What to work on
Transcribe the following records exactly, images excluded.

[Brief descriptive captions]
━━━━━━━━━━━━━━━━━━━━
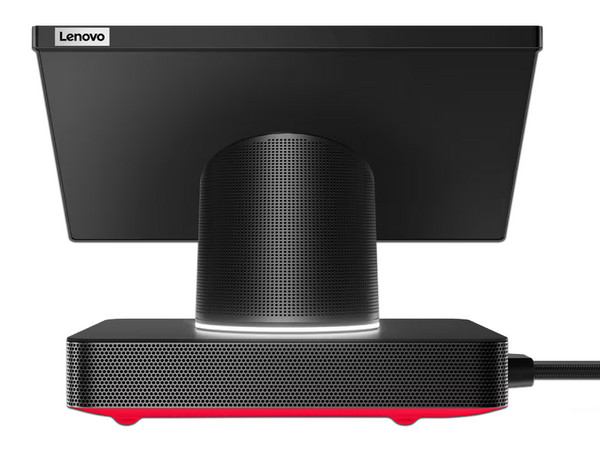 Lenovo ThinkSmart Hub:
Procesador Intel Core i5 8365UE (hasta 4.1 GHz),
Memoria de 16GB LPDDR4,
SSD M.2 de 256GB,
Pantalla de 10.1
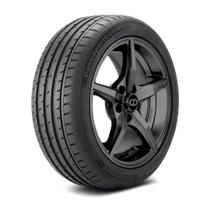 Pneu Aro 17 Continental 205/45 R17 84V FR Sportcontact 3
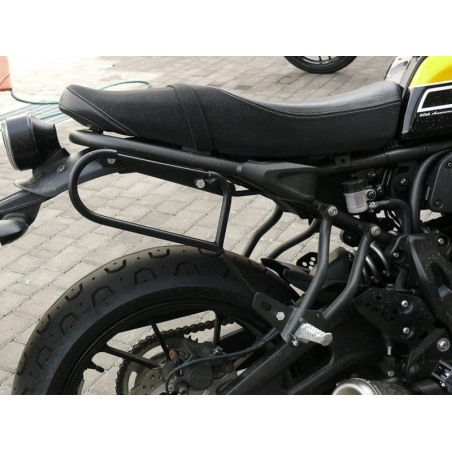 Bags&Bike TLSXR7 Coppia Di Telai Laterali Per Yamaha Xsr 700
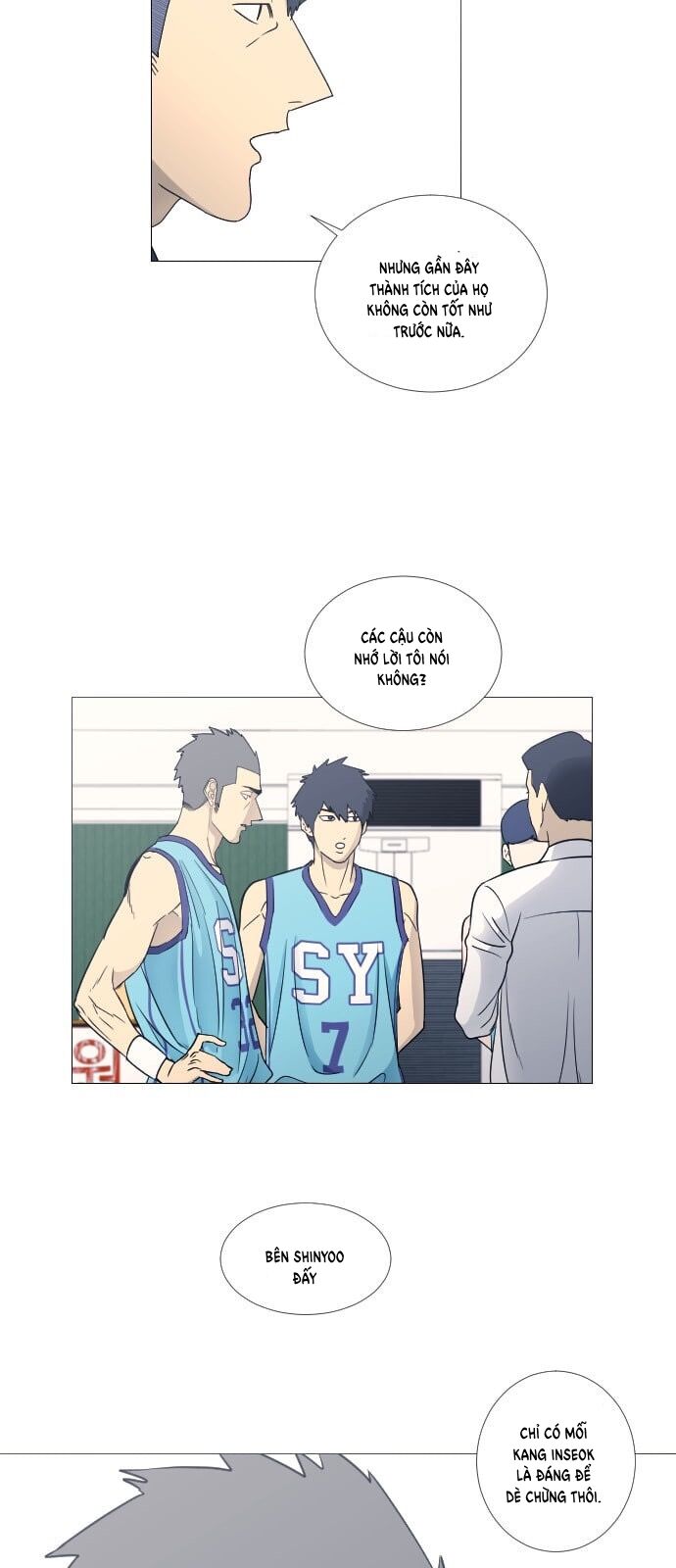 Garbage Time - Chapter 50 - Page 37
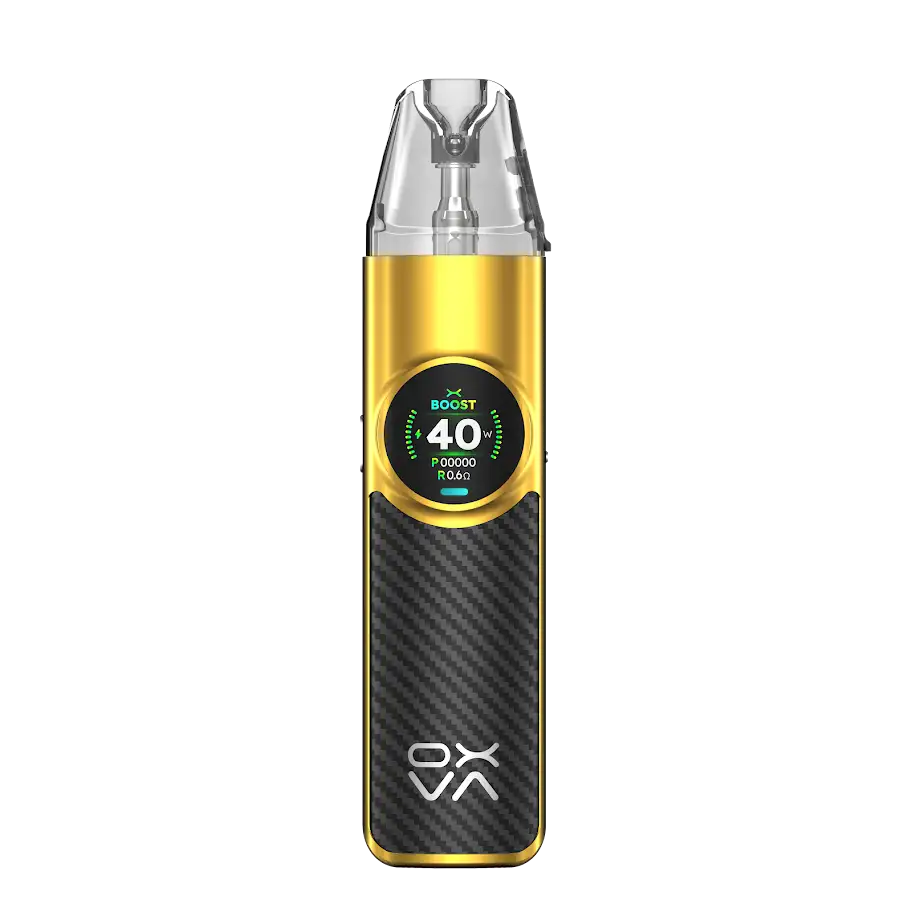 OXVA NeXLIM POD 40Watts (1500mAh)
━━━━━━━━━━━━━━━━━━━━
Result of this task
 Lenovo ThinkSmart Hub:
Procesador Intel Core i5 8365UE (hasta 4.1 GHz),
Memoria de 16GB LPDDR4,
SSD M.2 de 256GB,
Pantalla de 10.1
 Pneu Aro 17 Continental 205/45 R17 84V FR Sportcontact 3
 Bags&Bike TLSXR7 Coppia Di Telai Laterali Per Yamaha Xsr 700
 Garbage Time - Chapter 50 - Page 37
 OXVA NeXLIM POD 40Watts (1500mAh)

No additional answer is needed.